═══ RECORDS TO USE ═══

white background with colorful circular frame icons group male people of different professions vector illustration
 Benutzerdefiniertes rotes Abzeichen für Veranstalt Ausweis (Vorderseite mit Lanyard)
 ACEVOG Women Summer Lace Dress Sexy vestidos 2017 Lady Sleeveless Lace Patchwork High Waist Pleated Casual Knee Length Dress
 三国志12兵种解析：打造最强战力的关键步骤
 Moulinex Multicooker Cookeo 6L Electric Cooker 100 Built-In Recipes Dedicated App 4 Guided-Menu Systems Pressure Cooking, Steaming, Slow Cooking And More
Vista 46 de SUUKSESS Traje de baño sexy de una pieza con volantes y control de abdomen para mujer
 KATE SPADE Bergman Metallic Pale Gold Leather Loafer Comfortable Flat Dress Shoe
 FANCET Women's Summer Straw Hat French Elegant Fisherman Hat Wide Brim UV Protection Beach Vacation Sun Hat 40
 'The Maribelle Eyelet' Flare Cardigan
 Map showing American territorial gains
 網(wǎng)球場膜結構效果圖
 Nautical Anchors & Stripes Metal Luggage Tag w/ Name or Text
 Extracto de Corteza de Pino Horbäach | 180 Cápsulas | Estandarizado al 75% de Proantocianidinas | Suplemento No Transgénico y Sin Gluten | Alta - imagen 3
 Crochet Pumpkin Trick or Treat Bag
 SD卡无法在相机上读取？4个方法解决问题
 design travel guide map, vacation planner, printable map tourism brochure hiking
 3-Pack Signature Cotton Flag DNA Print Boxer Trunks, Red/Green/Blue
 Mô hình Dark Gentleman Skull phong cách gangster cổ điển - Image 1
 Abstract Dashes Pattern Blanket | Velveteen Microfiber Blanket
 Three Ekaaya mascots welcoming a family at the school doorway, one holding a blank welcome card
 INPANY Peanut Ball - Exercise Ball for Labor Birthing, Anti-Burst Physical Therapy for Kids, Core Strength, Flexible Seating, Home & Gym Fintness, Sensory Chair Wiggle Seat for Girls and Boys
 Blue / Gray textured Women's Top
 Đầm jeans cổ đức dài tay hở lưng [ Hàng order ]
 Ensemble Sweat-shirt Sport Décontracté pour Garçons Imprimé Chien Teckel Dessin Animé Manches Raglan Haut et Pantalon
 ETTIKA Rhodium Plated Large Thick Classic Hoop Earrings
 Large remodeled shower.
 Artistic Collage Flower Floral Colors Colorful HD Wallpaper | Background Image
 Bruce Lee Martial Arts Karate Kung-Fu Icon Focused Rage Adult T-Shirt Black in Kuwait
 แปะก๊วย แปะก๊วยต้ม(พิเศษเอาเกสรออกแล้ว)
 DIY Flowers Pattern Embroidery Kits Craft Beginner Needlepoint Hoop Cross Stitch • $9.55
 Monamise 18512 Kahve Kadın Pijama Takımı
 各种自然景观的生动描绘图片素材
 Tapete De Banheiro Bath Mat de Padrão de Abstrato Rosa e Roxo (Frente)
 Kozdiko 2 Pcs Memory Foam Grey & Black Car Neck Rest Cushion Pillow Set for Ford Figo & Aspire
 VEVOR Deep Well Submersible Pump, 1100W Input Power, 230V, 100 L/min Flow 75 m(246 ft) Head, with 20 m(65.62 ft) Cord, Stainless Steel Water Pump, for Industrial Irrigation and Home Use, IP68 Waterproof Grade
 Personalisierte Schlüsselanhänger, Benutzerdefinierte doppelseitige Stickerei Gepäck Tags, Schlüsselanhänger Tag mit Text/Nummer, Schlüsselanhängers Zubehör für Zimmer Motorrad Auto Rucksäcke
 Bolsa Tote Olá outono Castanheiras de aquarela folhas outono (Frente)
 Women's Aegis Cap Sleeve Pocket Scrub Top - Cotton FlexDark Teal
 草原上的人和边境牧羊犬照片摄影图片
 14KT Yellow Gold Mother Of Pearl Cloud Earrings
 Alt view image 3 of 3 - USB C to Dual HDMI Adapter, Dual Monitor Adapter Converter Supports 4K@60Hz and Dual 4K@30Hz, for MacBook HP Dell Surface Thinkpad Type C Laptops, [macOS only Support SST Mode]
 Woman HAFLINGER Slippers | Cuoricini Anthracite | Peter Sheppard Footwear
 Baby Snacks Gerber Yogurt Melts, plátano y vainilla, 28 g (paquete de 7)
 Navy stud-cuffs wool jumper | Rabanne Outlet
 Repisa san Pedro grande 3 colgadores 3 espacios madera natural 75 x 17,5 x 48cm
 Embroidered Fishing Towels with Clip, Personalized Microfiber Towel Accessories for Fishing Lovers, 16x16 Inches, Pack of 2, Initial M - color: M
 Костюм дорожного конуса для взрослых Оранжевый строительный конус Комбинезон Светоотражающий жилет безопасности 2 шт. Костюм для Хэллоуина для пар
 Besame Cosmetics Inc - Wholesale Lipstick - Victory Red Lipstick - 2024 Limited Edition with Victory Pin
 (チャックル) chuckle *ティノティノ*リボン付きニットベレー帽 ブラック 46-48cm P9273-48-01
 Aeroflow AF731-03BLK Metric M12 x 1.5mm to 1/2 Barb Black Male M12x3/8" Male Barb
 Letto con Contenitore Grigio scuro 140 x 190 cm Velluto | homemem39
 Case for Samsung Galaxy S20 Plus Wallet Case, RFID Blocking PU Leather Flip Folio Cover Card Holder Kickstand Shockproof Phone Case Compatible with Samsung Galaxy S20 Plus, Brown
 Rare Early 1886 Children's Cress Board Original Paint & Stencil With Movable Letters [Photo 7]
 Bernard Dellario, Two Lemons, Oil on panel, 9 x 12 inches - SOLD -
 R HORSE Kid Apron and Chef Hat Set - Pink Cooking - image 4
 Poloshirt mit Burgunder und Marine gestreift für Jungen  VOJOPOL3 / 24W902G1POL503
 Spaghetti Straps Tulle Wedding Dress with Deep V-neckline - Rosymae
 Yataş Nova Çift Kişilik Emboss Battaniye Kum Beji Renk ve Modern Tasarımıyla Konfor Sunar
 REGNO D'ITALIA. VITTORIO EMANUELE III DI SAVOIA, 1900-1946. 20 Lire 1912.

═══

PROBLEM:
Lines containing the word "Pattern" are to be pulled from the records and copied.

SOLUTION FOR THIS PROBLEM:
 Abstract Dashes Pattern Blanket | Velveteen Microfiber Blanket
 DIY Flowers Pattern Embroidery Kits Craft Beginner Needlepoint Hoop Cross Stitch • $9.55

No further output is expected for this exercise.